# Reshaping data with Pandas

## Wide x long format

### Wide format
* Each feature is a separate column
* Each rows contains many features of the same player
* No repetition but large number of missing values
* Simple statistics and imputation

| name | age | nationality | club |
|------|-----|-------------|------|
| Messi | 31 | Argentina | Barcelona |
| Ronaldo | **NaN** | Portugal | Juventus |
| Neymar | 26 | Brazil | PSG |
| Mbappe | 19 | France | PSG |

### Long format
* Each row represents one feature
* Multiple rows for each player
* A column ( name ) to identify same player
* Tidy data:
  * Better to summarize data
  * Key-value pairs
  * Preferred for analysis and graphing

| name | variable | value |
|------|----------|-------|
| Messi | age | 31 |
| Ronaldo | age | **NaN** |
| Neymar | age | 26 |
| Mbappe | age | 19 |
| Messi | club | Barcelona |
| Ronaldo | club | Juventus |
| Neymar | club | PSG |
| Mbappe | club | PSG |
| Messi | nationality | Argentina |
| Ronaldo | nationality | Portugal |
| Neymar | nationality | Brazil |
| MBappe | nationality | France |



## Reshaping with Pandas

In [9]:
import pandas as pd

# Read the data from file using read_csv
fifa_players = pd.read_csv("files/fifa_players.csv")

fifa_players

Unnamed: 0,name,age,height,weight,nationality,club
0,Lionel Messi,32,170,72,Argentina,FC Barcelona
1,Cristiano Ronaldo,34,187,83,Portugal,Juventus
2,Neymar da Silva,27,175,68,Brazil,Paris Saint-Germain
3,Jan Oblak,26,188,87,Slovenia,Atlético Madrid
4,Eden Hazard,28,175,74,Belgium,Real Madrid


In [10]:
# Set name as index
fifa_players = fifa_players.set_index("name")

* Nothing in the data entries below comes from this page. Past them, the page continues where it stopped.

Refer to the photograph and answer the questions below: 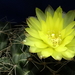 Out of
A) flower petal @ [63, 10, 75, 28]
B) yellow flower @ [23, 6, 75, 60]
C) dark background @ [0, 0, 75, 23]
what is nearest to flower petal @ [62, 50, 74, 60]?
yellow flower @ [23, 6, 75, 60]

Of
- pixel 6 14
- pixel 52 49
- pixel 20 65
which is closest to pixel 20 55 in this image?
pixel 20 65

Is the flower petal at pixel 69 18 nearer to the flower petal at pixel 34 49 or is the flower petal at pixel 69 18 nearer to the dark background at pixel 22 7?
the flower petal at pixel 34 49

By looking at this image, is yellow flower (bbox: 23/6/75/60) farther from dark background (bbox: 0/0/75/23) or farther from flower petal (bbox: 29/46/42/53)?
dark background (bbox: 0/0/75/23)

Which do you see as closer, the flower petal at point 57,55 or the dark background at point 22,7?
the flower petal at point 57,55

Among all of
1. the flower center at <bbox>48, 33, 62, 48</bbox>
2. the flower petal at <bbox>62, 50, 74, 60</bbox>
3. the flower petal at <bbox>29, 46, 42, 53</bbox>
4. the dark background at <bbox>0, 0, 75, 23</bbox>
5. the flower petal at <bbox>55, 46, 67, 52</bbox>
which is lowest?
the flower petal at <bbox>62, 50, 74, 60</bbox>

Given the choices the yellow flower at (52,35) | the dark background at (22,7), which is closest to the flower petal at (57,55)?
the yellow flower at (52,35)

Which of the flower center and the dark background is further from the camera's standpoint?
the dark background

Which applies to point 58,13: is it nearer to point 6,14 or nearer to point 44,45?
point 44,45

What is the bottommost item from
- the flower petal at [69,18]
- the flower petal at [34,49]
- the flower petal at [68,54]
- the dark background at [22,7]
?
the flower petal at [68,54] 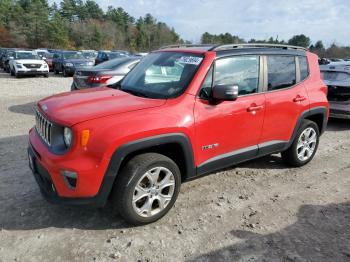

# Select only the columns height and weight from the fifa_players
fifa_players = fifa_players[["height", "weight"]]

# Transpose the data
fifa_players = fifa_players.transpose()

fifa_players

name,Lionel Messi,Cristiano Ronaldo,Neymar da Silva,Jan Oblak,Eden Hazard
height,170,187,175,188,175
weight,72,83,68,87,74


### Pivot method

In [20]:
import pandas as pd

# Read the data from file using read_csv
fifa_movement = pd.read_csv("files/fifa_movement.csv")

fifa_movement

Unnamed: 0,name,movement,overall,attacking
0,L. Messi,shooting,92,70
1,Cristiano Ronaldo,shooting,93,89
2,L. Messi,passing,92,92
3,Cristiano Ronaldo,passing,82,83
4,L. Messi,dribbling,96,88
5,Cristiano Ronaldo,dribbling,89,84


In [21]:
# Pivot fifa_movement to get overall scores indexed by name and identified by movement
fifa_overall = fifa_movement.pivot(index='name', columns='movement', values='overall')

fifa_overall

movement,dribbling,passing,shooting
name,Unnamed: 1_level_1,Unnamed: 2_level_1,Unnamed: 3_level_1
Cristiano Ronaldo,89,82,93
L. Messi,96,92,92


In [23]:
# Use the pivot method to get overall scores indexed by movement and identified by name
fifa_names = fifa_movement.pivot(index='movement', columns='name', values='overall')

fifa_names

name,Cristiano Ronaldo,L. Messi
movement,Unnamed: 1_level_1,Unnamed: 2_level_1
dribbling,89,96
passing,82,92
shooting,93,92


In [24]:
# Pivot fifa_players to get overall and attacking scores indexed by name and identified by movement
fifa_overall_attacking = fifa_movement.pivot(index='name', columns='movement', values=['overall', 'attacking'])

fifa_overall_attacking

Unnamed: 0_level_0,overall,overall,overall,attacking,attacking,attacking
movement,dribbling,passing,shooting,dribbling,passing,shooting
name,Unnamed: 1_level_2,Unnamed: 2_level_2,Unnamed: 3_level_2,Unnamed: 4_level_2,Unnamed: 5_level_2,Unnamed: 6_level_2
Cristiano Ronaldo,89,82,93,84,83,89
L. Messi,96,92,92,88,92,70


In [25]:
# Dropping a row
another_fifa = fifa_movement.drop(4, axis=0)

another_fifa

Unnamed: 0,name,movement,overall,attacking
0,L. Messi,shooting,92,70
1,Cristiano Ronaldo,shooting,93,89
2,L. Messi,passing,92,92
3,Cristiano Ronaldo,passing,82,83
5,Cristiano Ronaldo,dribbling,89,84


### Pivot table method

#### Pivot method limitations

* General purpose pivoting
* Index/column pair must be unique
* Cannot aggregate values

In [26]:
import pandas as pd

# Read the data from file using read_csv
fifa_players_long = pd.read_csv("files/fifa_players_long.csv")

fifa_players_long

Unnamed: 0,name,variable,metric_system,imperial_system
0,Cristiano Ronaldo,weight,83,183.0
1,J. Oblak,weight,87,191.0
2,Cristiano Ronaldo,height,187,6.13
3,J. Oblak,height,188,6.16
4,Cristiano Ronaldo,height,187,6.14


In [28]:
fifa_players_long.pivot(index="name", columns="variable")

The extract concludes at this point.